Disabilities Guidebook: Who Has a Disability under the ADA?

Disabilities Guidebook: Who Has a Disability under the ADA?

Last updated: December 2012

(Chapter 1, Section 1 from Guidebook of Laws and Programs for People with Disabilities)


The ADA Definition of Disability

In General
The Americans with Disabilities Act (ADA), as amended by the ADA Amendments Act of 2008 (ADAAA), 42 U.S.C. 12101 et seq., prohibits discrimination on the basis of "disability" in several critical areas. Those areas include state and local government services, places of public accommodation, employment, telecommunications and transportation. Each area is explained in other chapters of this guidebook.

Under the ADA, you have a disability if you have at least one of the following:

  • a physical or mental impairment that "substantially limits" one or more "major life activities";
  • a record of such an impairment; or
  • you are regarded as having such an impairment.

The measurement for an impairment is when the condition is most acute. Therefore, if you have sporadic impairment, disability will be assessed at the time when the symptoms are most evident.

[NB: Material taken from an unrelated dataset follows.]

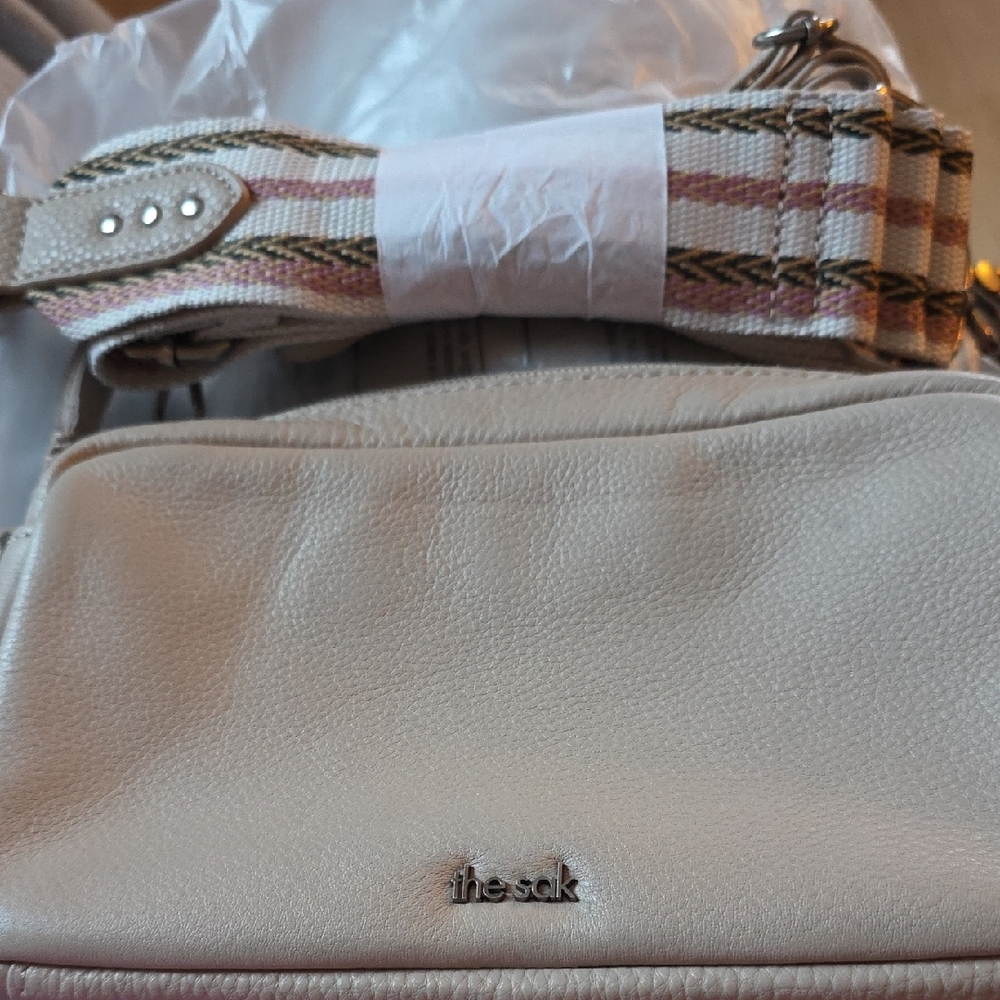 The Sak Sand/Blush Colored Textured Bag with Patterned Strap And Solid Strap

There are two basic parts to having a disability:

  • You must actually have what is considered to be a "physical or mental impairment"; and
  • The impairment must "substantially limit one or more of your major life activities." 

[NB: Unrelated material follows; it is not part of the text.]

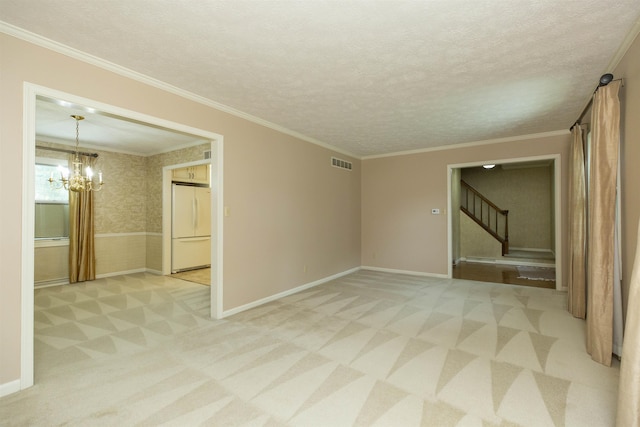 1402 Hampshire Dr, South Bend, IN 46614 - empty room with light colored carpet, stairs, a chandelier, crown molding, and baseboards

Physical or Mental Impairments

In order to have a disability under the ADA , you must have a physical or mental impairment. Not everything that restricts your activities qualifies as an impairment.  However, under the ADAAA, the definition of disability now must be construed in favor of broad coverage to the maximum extent permitted.

A physical impairment is any medical disorder, condition, disfigurement or loss affecting one of the body systems, such as neurological, musculoskeletal, special sense organs, respiratory (including speech organs), cardiovascular, reproductive, digestive, genitourinary, immune, circulatory, hemic, lymphatic, skin, and endocrine.

A mental impairment is any mental or psychological disorder, such as intellectual disability (formerly termed mental retardation), organic brain syndrome, emotional or mental illness, and specific learning disabilities.

It is not possible to include a list of all the specific conditions that would constitute physical or mental impairments, but some examples may be useful.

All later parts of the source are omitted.